■ About this exercise: Take every line from the records below that includes the word "Street".

■ Dataset entries:
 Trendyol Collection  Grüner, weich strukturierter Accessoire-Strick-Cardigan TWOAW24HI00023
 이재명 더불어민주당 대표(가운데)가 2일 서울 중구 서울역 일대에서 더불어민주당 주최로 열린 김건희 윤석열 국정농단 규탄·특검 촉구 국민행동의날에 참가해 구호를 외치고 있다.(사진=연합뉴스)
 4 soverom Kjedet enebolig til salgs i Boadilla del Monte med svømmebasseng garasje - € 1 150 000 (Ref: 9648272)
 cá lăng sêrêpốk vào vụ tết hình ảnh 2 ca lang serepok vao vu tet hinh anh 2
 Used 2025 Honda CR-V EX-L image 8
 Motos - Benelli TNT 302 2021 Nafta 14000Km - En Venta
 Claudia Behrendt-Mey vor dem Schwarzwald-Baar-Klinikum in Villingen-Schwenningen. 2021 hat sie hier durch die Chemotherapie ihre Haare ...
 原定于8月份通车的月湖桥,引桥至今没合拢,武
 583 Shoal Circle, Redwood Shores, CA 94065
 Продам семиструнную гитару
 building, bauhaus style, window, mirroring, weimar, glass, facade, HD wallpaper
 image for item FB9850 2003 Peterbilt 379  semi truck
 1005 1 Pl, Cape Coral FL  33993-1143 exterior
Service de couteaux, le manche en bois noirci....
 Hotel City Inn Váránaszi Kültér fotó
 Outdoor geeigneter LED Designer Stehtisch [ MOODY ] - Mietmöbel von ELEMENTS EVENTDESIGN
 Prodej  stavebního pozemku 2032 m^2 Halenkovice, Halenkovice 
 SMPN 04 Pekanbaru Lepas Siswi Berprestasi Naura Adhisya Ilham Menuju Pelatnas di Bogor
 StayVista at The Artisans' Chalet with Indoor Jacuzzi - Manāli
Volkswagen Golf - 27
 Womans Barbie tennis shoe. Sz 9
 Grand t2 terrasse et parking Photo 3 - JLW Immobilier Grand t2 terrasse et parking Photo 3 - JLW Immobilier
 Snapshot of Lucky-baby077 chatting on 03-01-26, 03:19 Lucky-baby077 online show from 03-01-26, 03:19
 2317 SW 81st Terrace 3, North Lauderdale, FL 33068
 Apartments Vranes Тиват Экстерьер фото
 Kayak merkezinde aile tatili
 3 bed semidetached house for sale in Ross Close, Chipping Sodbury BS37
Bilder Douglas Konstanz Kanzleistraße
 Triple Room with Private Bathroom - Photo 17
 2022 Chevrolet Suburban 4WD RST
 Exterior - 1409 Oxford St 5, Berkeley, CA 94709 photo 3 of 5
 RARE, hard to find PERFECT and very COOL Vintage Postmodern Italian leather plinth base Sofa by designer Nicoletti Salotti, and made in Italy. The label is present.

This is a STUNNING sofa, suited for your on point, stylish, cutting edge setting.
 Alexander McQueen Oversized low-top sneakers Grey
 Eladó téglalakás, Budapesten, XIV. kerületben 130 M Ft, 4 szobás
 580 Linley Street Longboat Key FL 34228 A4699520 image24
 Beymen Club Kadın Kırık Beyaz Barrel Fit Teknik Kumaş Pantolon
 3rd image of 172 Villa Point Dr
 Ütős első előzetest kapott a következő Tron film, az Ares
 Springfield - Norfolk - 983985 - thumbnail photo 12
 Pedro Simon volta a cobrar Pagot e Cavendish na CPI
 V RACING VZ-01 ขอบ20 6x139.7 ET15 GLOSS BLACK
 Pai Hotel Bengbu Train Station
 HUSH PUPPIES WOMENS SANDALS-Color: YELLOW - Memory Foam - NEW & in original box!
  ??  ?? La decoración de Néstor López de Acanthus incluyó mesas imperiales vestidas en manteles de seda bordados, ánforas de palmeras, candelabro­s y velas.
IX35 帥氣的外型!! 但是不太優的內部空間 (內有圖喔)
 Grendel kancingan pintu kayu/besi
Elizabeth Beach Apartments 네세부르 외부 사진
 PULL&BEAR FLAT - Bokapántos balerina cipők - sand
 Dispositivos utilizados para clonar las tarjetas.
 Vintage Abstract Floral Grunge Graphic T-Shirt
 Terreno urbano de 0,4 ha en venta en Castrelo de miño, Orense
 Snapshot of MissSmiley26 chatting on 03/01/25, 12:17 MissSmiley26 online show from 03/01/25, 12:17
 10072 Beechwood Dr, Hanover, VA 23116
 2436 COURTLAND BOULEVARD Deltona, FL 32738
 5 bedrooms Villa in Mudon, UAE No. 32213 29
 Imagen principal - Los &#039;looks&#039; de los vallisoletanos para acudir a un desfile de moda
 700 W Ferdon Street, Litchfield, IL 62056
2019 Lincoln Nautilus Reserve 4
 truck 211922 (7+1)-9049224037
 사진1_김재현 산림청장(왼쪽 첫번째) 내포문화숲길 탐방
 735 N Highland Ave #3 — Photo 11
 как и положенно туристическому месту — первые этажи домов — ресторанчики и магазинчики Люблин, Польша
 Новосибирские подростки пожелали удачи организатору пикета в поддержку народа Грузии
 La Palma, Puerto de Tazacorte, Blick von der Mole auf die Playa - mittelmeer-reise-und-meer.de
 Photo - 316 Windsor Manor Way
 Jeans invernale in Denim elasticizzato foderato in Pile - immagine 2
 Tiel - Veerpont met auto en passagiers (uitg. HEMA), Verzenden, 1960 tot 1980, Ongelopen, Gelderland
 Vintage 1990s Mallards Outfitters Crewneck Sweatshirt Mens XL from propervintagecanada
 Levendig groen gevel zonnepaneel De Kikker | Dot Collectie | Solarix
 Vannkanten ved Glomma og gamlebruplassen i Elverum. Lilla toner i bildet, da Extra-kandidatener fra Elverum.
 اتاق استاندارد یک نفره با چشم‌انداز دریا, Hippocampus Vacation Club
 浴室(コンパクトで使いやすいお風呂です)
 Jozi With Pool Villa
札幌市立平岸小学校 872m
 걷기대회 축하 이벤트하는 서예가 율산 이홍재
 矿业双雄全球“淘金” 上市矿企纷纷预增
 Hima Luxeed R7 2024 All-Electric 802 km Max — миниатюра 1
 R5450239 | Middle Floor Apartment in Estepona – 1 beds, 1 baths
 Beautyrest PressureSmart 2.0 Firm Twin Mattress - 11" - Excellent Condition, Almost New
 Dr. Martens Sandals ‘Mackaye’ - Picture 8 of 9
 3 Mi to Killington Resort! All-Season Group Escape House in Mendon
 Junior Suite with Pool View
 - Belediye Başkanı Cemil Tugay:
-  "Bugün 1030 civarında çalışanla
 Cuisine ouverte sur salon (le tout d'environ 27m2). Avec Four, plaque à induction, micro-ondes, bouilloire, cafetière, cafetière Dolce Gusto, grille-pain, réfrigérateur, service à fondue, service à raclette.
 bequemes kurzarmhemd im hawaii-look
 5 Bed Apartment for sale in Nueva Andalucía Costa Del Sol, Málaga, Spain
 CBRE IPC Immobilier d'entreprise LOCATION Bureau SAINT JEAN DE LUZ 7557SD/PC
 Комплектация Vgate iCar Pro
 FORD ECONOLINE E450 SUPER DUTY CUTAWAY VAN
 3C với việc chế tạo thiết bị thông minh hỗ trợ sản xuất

■ Solution for this task:
 580 Linley Street Longboat Key FL 34228 A4699520 image24
 700 W Ferdon Street, Litchfield, IL 62056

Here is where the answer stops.